Ritratto di enricoquerci

Mil non c’è più. Non sembra possibile, eppure è così. Stavamo aspettando questo momento dopo che le notizie dal Marocco, quel 28 febbraio, ci avevano fatto capire che molto difficilmente lo avremmo potuto rivedere come lo avevamo i

mpresso nelle nostre memorie. Anzi, piuttosto che vederlo incosciente e ridotto a una vita vegetale, abbiamo sperato nel nostro intimo che la sua sofferenza avesse fine, anche se lui non stava più soffrendo ma soffrivano quelli che sono andati laggiù e gli sono stati vicini nelle ultime ore e anche tutti noi che lo abbiamo avuto nei nostri pensieri da lontano. Giorgio prima, Giuseppe e Mario dopo: questi ultimi due c’erano quando se n’è andato. Lui non se ne sarà accorto, però sapere che due dei suoi amici più cari lo hanno accompagnato nel suo ultimo viaggio, ci ha confortati.

Mil non c’è più. E a ciascuno di noi sarà ripassata davanti agli occhi la parte di vita che assieme a lui ha condiviso. Per breve o lunga che sia stata, Mil ha lasciato il segno dentro di noi. Aveva la capacità innata di farti sentire una persona speciale per lui e che quello che stavi facendo con lui o per lui, fosse veramente importante. Era una persona trasparente alle emozioni, a quelle positive come a quelle negative: guai a trovarsi a tiro se era “arrabbiato”! Quel fiume in piena ti faceva dimenticare che poco prima era placida laguna, cosa che sarebbe ritornata dopo qualche tempo, mai subito. E se il torto che aveva subito era grave, c’era da star tranquilli che per lui quella persona non sarebbe più esistita. Per sempre.

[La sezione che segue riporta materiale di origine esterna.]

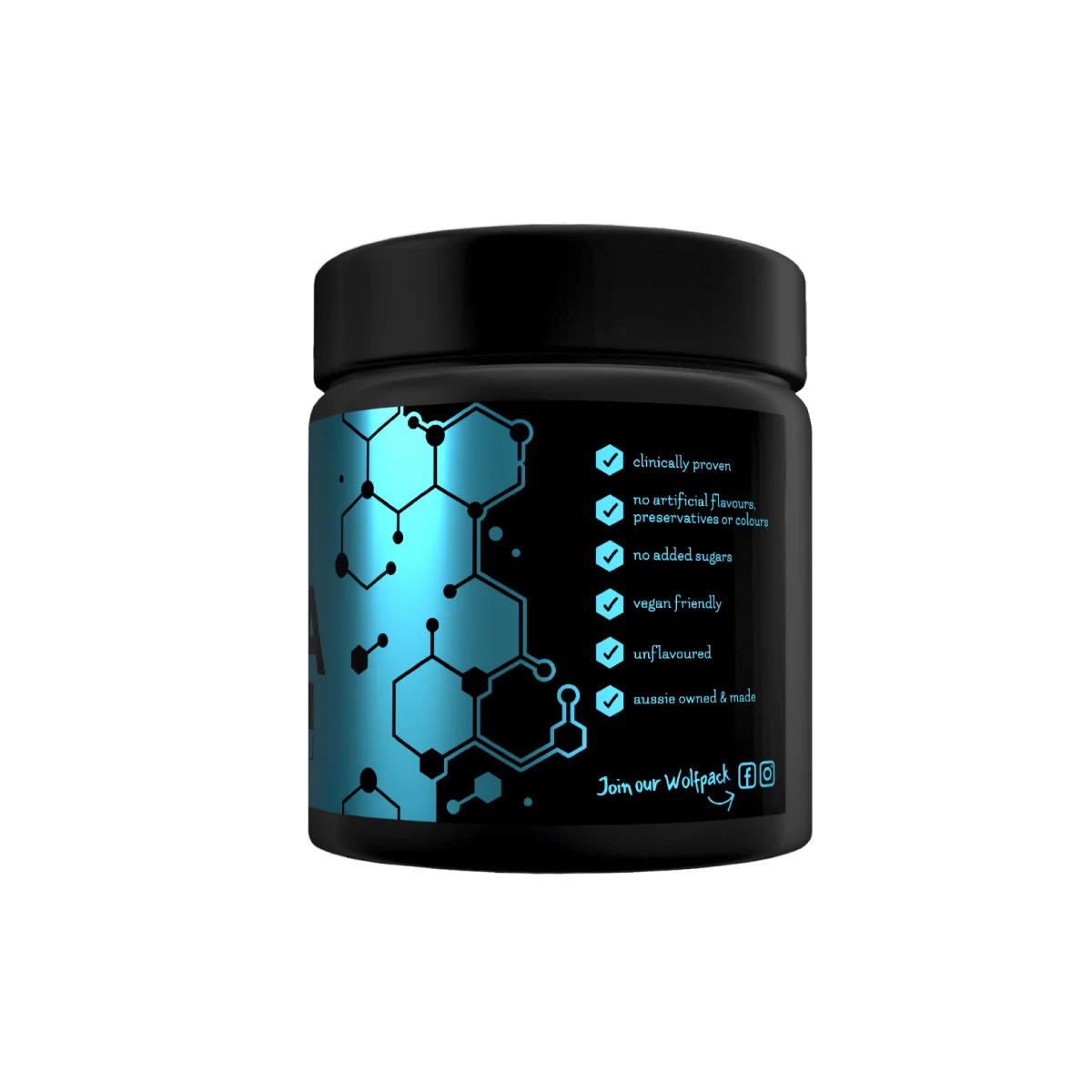 White Wolf Nutrition Shilajit 60 capsules - Image 2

Mil non c’è più. Ci mancheranno i suoi modi di fare, le sue affettuosità, i suoi sbalzi di carattere, il suo trasformare in inferno quello che fino a poco prima era stato paradiso. Ci mancherà la sua emotività, il suo amore per i cavalli e la sua passione, la sua professionalità, il suo genio nell’allenare i Purosangue. Come dimenticare le sue lacrime, la sua incredibilità in quel giorno di maggio del 2005, alle Capannelle, quando portò al successo il suo De Sica e la sua gioia, la sua felicità che volle condividere con tutti gli amici di quella che da non molto era la sua nuova casa. Una serata che già era indimenticabile e che adesso lo sarà anche di più.

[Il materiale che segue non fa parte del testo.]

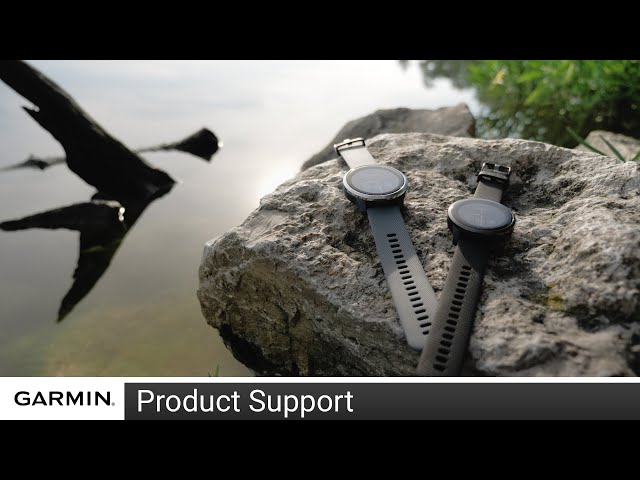 Video teaser per Support: Getting to Know vívoactive® 4/4S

Mil non c’è più. Il nostro caro amico ha raggiunto il fratello ed è molto triste pensare a una madre che accompagna al cimitero i suoi due figli. Che le nostre preghiere vadano anche a Totò, madre orfana.
E orfani lo siamo anche noi, della sua persona, della sua amicizia, dei suoi consigli, dei suoi strilli. Ciascuno di noi è stato almeno una volta il suo paciarotto e questo ci ha fatti sentire importanti per lui, se avevamo meritato quel nomignolo che dispensava a uomini, donne e cavalli a lui cari. Noi paciarotti, orfani del nostro Mil.

Mil c’è e ci sarà sempre. Perché le persone come lui non ci lasciano mai. Mai.